While a specific embodiment of the invention has been shown and described, it is envisioned that those skilled in the art may devise various modifications without departing from the spirit and scope of the present invention.

Claims

1. A louver position sensing system for a sieve and chaffer of a combine harvester, said sieve and chaffer comprising at least one louver, said louver position sensing system comprising at least one sensor which is in actual, physical contact with said at least one louver.

2. A louver position sensing system as recited in claim 1, wherein the sieve and chaffer comprises at least one divider, and wherein said at least one sensor is mounted to said at least one divider.

3. A louver position sensing system as recited in claim 2, wherein the at least one sensor comprises a housing which is mounted to at least one divider.

4. A louver position sensing system as recited in claim 3, wherein the at least one sensor comprises a sensor probe which extends from the housing, and wherein the sensor probe is actually, physically connected to said at least one louver.

5. A louver position sensing system as recited in claim 4, wherein the sensor probe is actually, physically connected to said at least one louver via a sensor coupling.

6. A louver position sensing system as recited in claim 5, wherein the sensor probe comprises an end, wherein said at least one louver comprises a windvane, wherein the sensor coupling comprises a first component connected to the end of the sensor probe, a second component connected to the windvane, and a connecting member which links the first component to the second component.

7. A louver position sensing system as recited in claim 1, wherein the at least one sensor comprises a housing and a sensor probe which extends from the housing, wherein the at least one sensor comprises a hall effect sensor which is inside the housing and which is configured to sense a magnet which is in the sensor probe.

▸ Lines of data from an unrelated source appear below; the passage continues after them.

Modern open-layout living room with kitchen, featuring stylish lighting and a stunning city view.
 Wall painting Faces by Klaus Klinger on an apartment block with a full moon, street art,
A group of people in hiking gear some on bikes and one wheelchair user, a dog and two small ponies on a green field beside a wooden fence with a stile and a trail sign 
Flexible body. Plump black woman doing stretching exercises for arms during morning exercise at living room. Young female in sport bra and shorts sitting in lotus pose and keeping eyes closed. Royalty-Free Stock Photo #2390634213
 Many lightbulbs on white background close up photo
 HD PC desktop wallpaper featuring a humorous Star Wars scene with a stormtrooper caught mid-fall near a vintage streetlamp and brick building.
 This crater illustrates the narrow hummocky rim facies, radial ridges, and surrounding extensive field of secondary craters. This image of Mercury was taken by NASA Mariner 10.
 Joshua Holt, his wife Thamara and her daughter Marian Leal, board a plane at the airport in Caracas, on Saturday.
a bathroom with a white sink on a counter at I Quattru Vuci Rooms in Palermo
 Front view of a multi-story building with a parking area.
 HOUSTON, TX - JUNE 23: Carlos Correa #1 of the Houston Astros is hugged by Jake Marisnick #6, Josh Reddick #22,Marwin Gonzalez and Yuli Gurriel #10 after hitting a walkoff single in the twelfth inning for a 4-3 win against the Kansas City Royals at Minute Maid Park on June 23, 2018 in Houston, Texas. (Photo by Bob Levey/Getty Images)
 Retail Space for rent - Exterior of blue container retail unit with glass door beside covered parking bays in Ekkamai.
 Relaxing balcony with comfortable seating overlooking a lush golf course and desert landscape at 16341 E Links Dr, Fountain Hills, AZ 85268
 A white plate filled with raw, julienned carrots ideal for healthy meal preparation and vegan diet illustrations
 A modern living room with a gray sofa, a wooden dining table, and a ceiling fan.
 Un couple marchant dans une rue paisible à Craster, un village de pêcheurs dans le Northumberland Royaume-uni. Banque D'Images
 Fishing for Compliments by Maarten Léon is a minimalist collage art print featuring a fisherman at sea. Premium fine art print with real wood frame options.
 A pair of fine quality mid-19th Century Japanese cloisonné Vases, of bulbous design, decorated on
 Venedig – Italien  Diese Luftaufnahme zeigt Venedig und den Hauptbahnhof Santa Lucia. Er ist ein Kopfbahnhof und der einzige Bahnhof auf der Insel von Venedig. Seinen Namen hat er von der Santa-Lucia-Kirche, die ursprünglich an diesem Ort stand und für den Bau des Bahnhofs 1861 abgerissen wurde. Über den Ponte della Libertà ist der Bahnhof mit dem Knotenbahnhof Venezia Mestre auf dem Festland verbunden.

8. A louver position sensing system as recited in claim 7, wherein the sensor probe comprises a non-magnetic material and is configured to travel linearly within the housing.

9. A louver position sensing system as recited in claim 7, wherein the sensor probe is actually, physically connected to said at least one louver via a sensor coupling, wherein the hall effect sensor, via the magnet, senses a linear position of the sensor probe and, as a result, a rotational position of the at least one louver to which the sensor probe is connected via the sensor coupling.

10. A louver position sensing system as recited in claim 9, wherein the system is configured such that, as the at least one louver opens and closes, the system translates rotation of the at least one louver to linear motion, wherein the linear motion displaces the sensor probe within the sensor housing, wherein the hall effect sensor senses a position of the magnet in the sensor probe.

11. A louver position sensing system as recited in claim 10, further comprising electronics inside the housing, connected to the hall effect sensor, and configured for determining a rotational position of the at least one louver, via the hall effect sensor.

12. A louver position sensing system as recited in claim 11, further comprising appropriate electronics, wherein a cable extends from the housing and communicates a position of at least one louver back to the vehicle host controller.

13. A louver position sensing system as recited in claim 12, wherein the electronics in the housing is configured to translate linear motion of the sensor probe into an output suitable to be interpreted by the vehicle host controller.

14. A louver position sensing system as recited in claim 13, wherein the output is either broadcast to a CAN bus of the combine harvester or transmitted directly to a controller of the combine harvester.

15. A louver position sensing system as recited in claim 14, further comprising at least one sieve linear actuator that is connected to the bus and at least one adjustment bar of the sieve and chaffer.

16. A louver position sensing system as recited in claim 14, wherein a plurality of sensors and sieve linear actuators are connected to the bus, wherein multiple sensors are connected to each sieve and chaffer, and wherein each adjustable area of the sieve and chaffer utilizes an independent sensor.